Set the pictures aside and return each record below precisely as written.

*** Data excerpts Section Begins ***

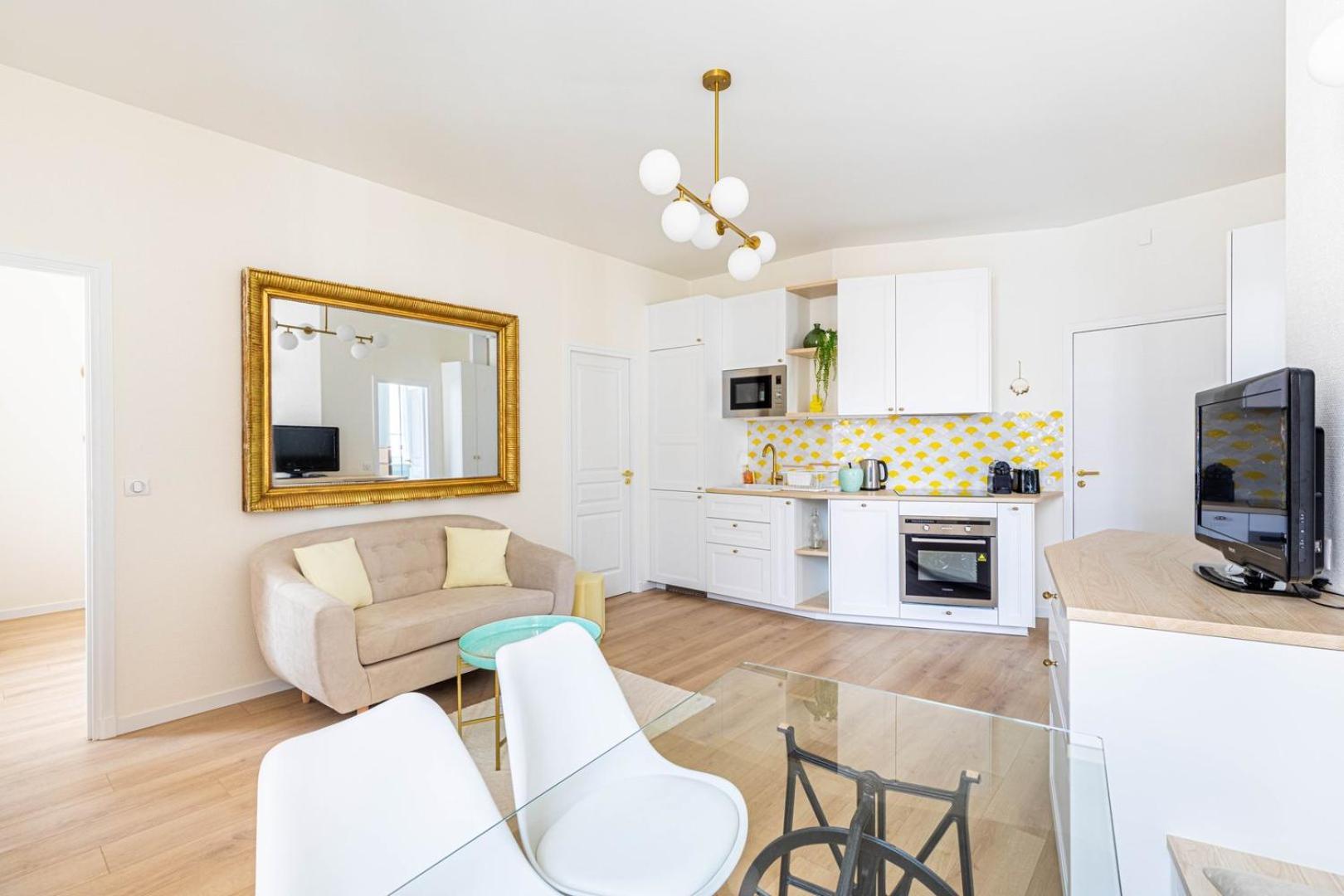 Guestready - Apt Moderne - Direct Champs Elysees Apartment Clichy Bagian luar foto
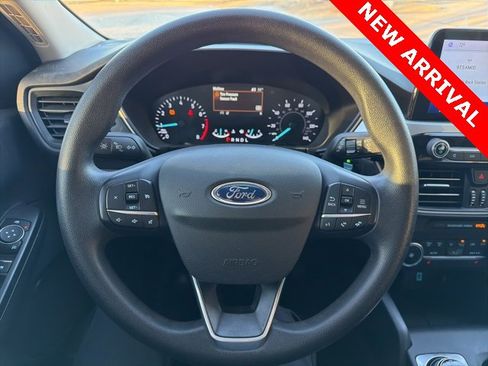 Used 2020 Ford Escape SE image 16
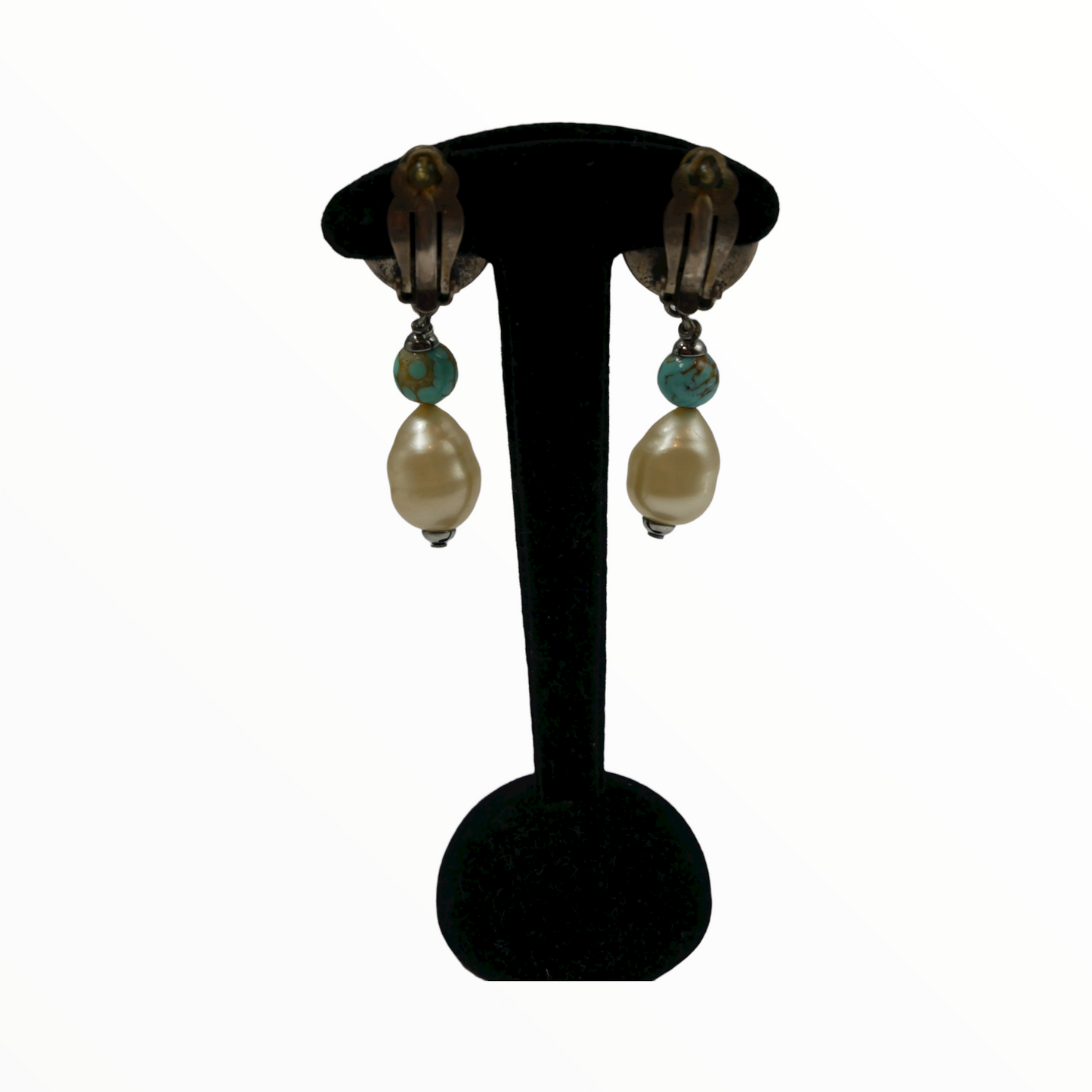 Chanel turquoise and white pearl pendant earclips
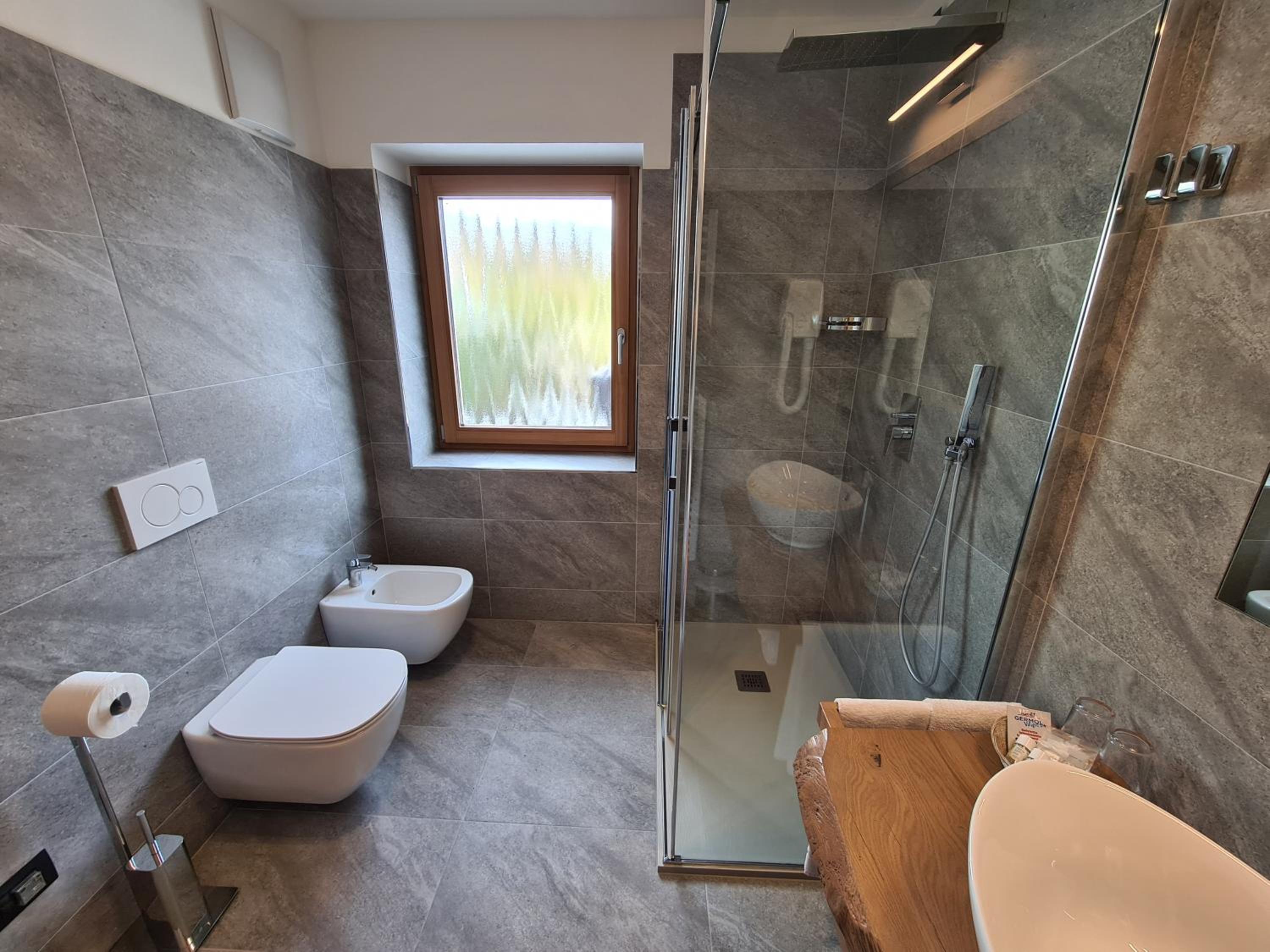 Standard Triple Room photo 3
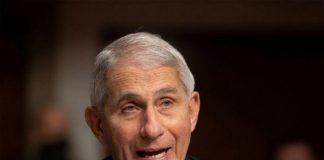 Trump sugiere que podría intentar despedir a Fauci después de las elecciones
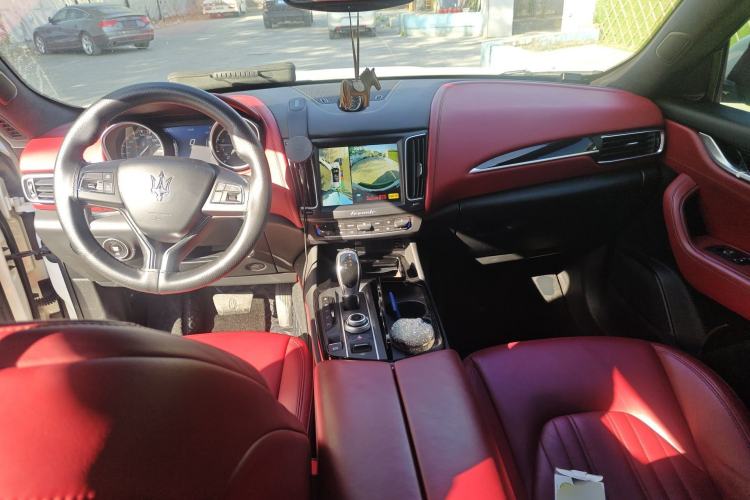 Used Maserati Levante 2018 3.0T Standard Edition Center Console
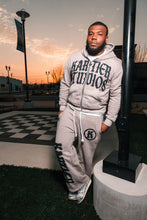 Load image into Gallery viewer, Grey Run Stitch Set (Men)
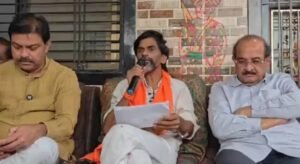 सरकारच्या ‘या’ आश्वासनानंतर तब्बल दीड तासांनी मनोज जरांगेंनी सोडलं उपोषण…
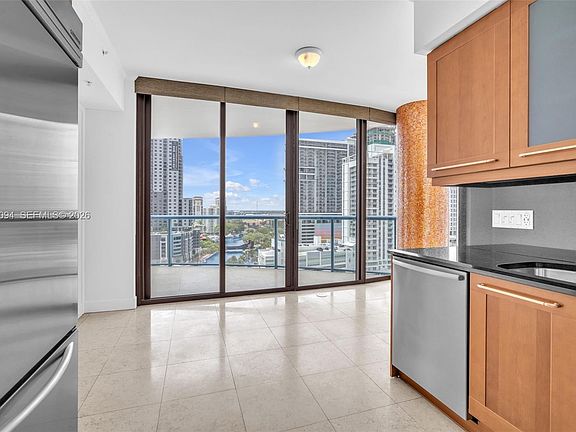 5th image of 333 Las Olas Way APT 1602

*** Data excerpts Section Ends ***

Solution below
 Guestready - Apt Moderne - Direct Champs Elysees Apartment Clichy Bagian luar foto
 Used 2020 Ford Escape SE image 16
 Chanel turquoise and white pearl pendant earclips
 Standard Triple Room photo 3
 Trump sugiere que podría intentar despedir a Fauci después de las elecciones
 Used Maserati Levante 2018 3.0T Standard Edition Center Console
 Load image into Gallery viewer, Grey Run Stitch Set (Men)
 सरकारच्या ‘या’ आश्वासनानंतर तब्बल दीड तासांनी मनोज जरांगेंनी सोडलं उपोषण…
 5th image of 333 Las Olas Way APT 1602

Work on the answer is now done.